In den Arbeiten von Sven Johne legen sich persönliche Narrative über die monolithischen Eckpfeiler offizieller Geschichte, um diese entlang persönlicher Ausflüchte und emotionale Störmomente neu zu erzählen. Johne eignet sich die Ästhetik des Dokumentarischen an und speist fiktionale Elemente in sie ein, die ihre Ansprüche auf Wahrheit torpedieren. Was entsteht, ist ein Realismus, der jenseits von Authentizität und Widerspiegelung mehr ergibt als die Summe seiner Teile.
Johnes neuer Film Das sowjetische Hauptquartier (2023) spielt auf dem heute brachliegenden Gelände des ehemaligen Hauses der Offiziere in Wünsdorf, Brandenburg. Das im frühen 20. Jahrhundert im neobarocken Stil errichtete schlossartige Anwesen diente bis 1994 als kulturelles Hauptquartier der in Ostdeutschland stationierten sowjetischen Truppen. In Johnes neuer Arbeit wird dieses Hauptquartier zum Schauplatz eines Gesprächs zwischen dem zum Erfolg verdammten Immobilienmakler Becker (Marc Zwinz) und der vermeintlichen Interessentin Katharina Baronn (Luise Helm), die zunächst gedankenverloren die Räumlichkeiten besichtigt. Im Verlauf des Filmes kippt unsere Aufmerksamkeit und der innere Monolog Katharina Baronns tritt in den Vordergrund: sie erlebte hier als 8-jähriges Kind den Abzug der sowjetischen Truppen. Seither geistert eine sentimentale „Kindersowjetunion“ (in Johnes Worten) als vermeintliche Alternative zum real existierenden Kapitalismus in ihren Erinnerungen. In Das sowjetische Hauptquartier geht es um frühe Prägungen, um die Wirkmächtigkeit von Ideologien und um den Abschied von der Kindheit.

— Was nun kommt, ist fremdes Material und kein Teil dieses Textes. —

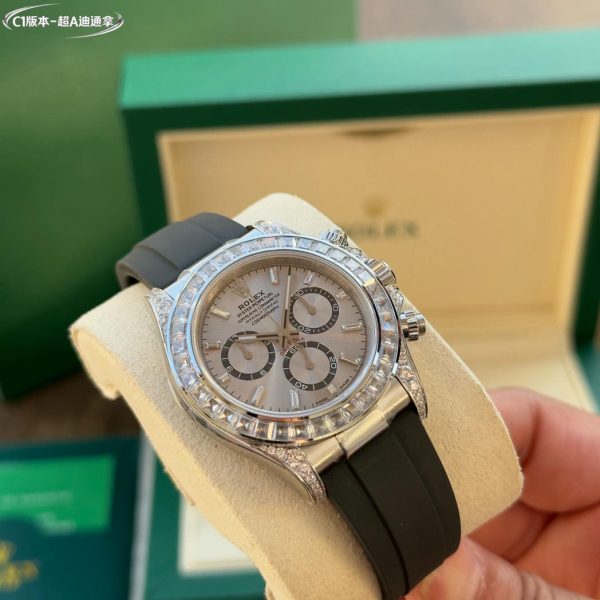 Rolex Daytona 116576TBR Oyster Perpetual Daytona Meteorite color dial Platinum Diamond Bezel – Image 5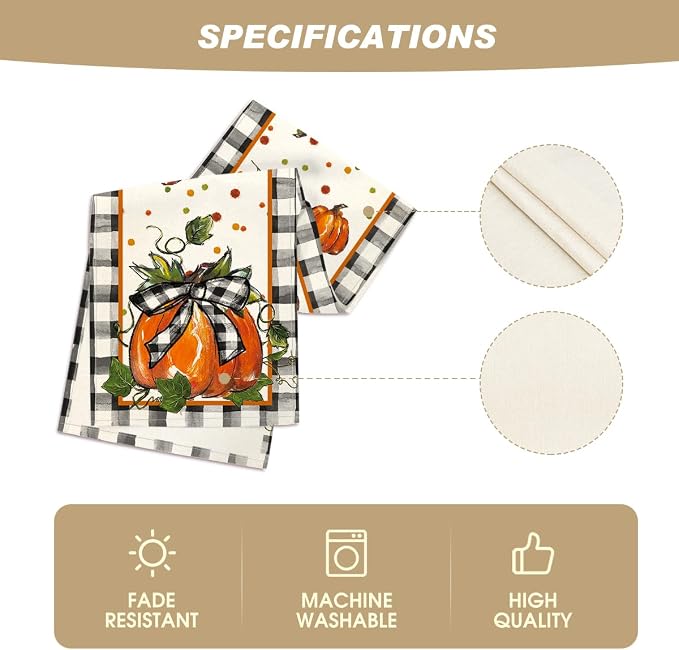 Artoid Mode 210 GSM Fall Table Runner 13x60 Inch Home Party Decor | Pumpkin Bow - Image 5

Inszeniert im ehemaligen US-Hauptquartier, in dem Fluentum heute Ausstellungen zeigt, verdoppelt Das sowjetische Hauptquartier Zeitlichkeiten, Ideologien und die Wendungen politischer Geschichte in der Nachwendezeit, um in einen Dialog über den Zusammenhang von Versagen und Erinnern zu treten.